A distinguishing feature of the emerging 21st century digital learning ecosystem is sharing.  Like the Web itself which was built and created with open source software, such as Linux, Apache, and WordPress (what we use!) and collaboratively-developed, openly shared technology standards such as HTML, CSS, and HTTP protocols, open learning is built on sharing.

A first step toward sharing is the adoption and sharing of OER, Open Educational Resources.  OER’s are so important that LCC has a separate project devoted to OER adoption. But education and learning is more than just textbooks and written resources.

cte-ideasbank

The CTE Ideasbank

The Open Learn Lab is actively developing websites that facilitate sharing ideas. One of the more interesting sites is the CTE Ideas Bank for sharing teaching ideas and techniques for teaching using the LCC Performing Arts or OneBook LCC program or the ideas for inclusion. The Ideasbank enables faculty to share, find, and discover techniques for better teaching.

ctl-oer

The CTL OER Sharing Site

Another site we’ve developed is for the Center for Transitional Learning.  Research showed there are relatively few OER repositories and resources for developmental and transitional learning faculty.
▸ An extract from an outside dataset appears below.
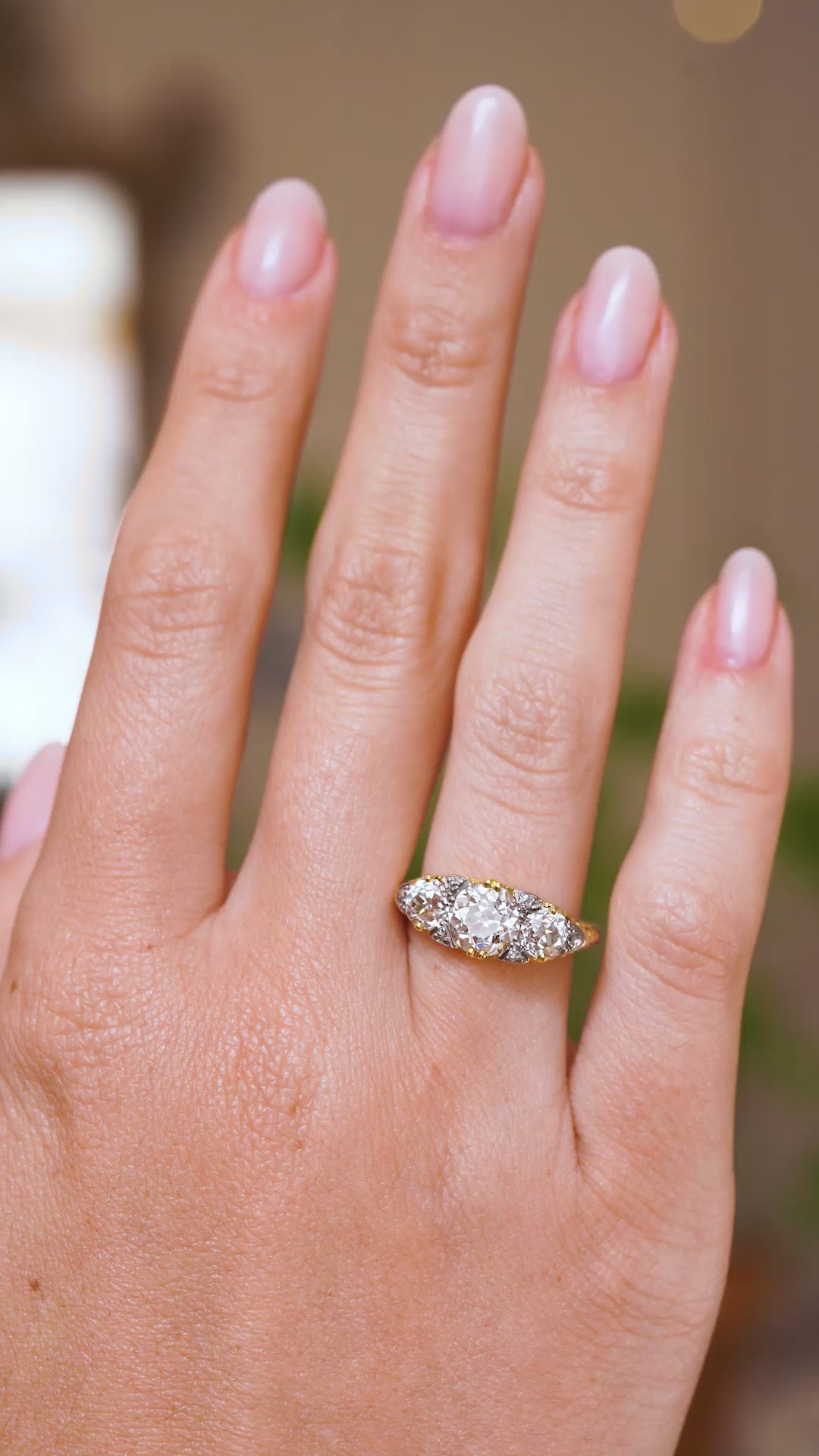A video showing a full-hand view of the late Victorian three-stone diamond ring, showing its elegant graduated spread across the finger.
They’re difficult to find, which in practical terms puts them beyond the reach of many faculty, particularly adjunct faculty, who simply don’t have the time to research and find the.  Amy Larson of the LCC Center for Transitional Learning has done the research and assembled a repository of over 100 different OER resources for Transitional Learning.  We helped Amy develop a site to facilitate sharing these ideas and resources with faculty.

The DS106 MOOC Digital Storytelling site

The DS106 Digital Storytelling MOOC site

The basis of these sharing sites is an assignment bank-oriented WordPress site/theme that was developed by University of Mary Washington for the DS106 Digital Storytelling MOOC (Massively Open Online Course).  DS106 is one of the original connectivist MOOC’s that started the MOOC movement.  We’ve taken the DS106 theme (open sourced software for WordPress) and adapted it to LCC faculty needs.

Future Directions

The Open Learn Lab is working on two evolutions/directions for sharing oriented sites.  One idea is to adapt the CTE Ideasbank into smaller program-specific ideas banks where faculty in each program can discuss and share ideas and techniques for teaching particular topics, exercises, problems, outcomes, etc.  We’re looking at then connecting these sites (the technical term is syndication) so the ideas then feed into and are discoverable from the main CTE Ideasbank hub.  At the same time, each program ideas bank could be combined with a social-oriented private discussion site where faculty within a program can engage in both synchronous and asynchronous discussion of how to teach.  It’s not a replacement for meetings, but could leverage face-to-face meetings and help engage more adjunct faculty.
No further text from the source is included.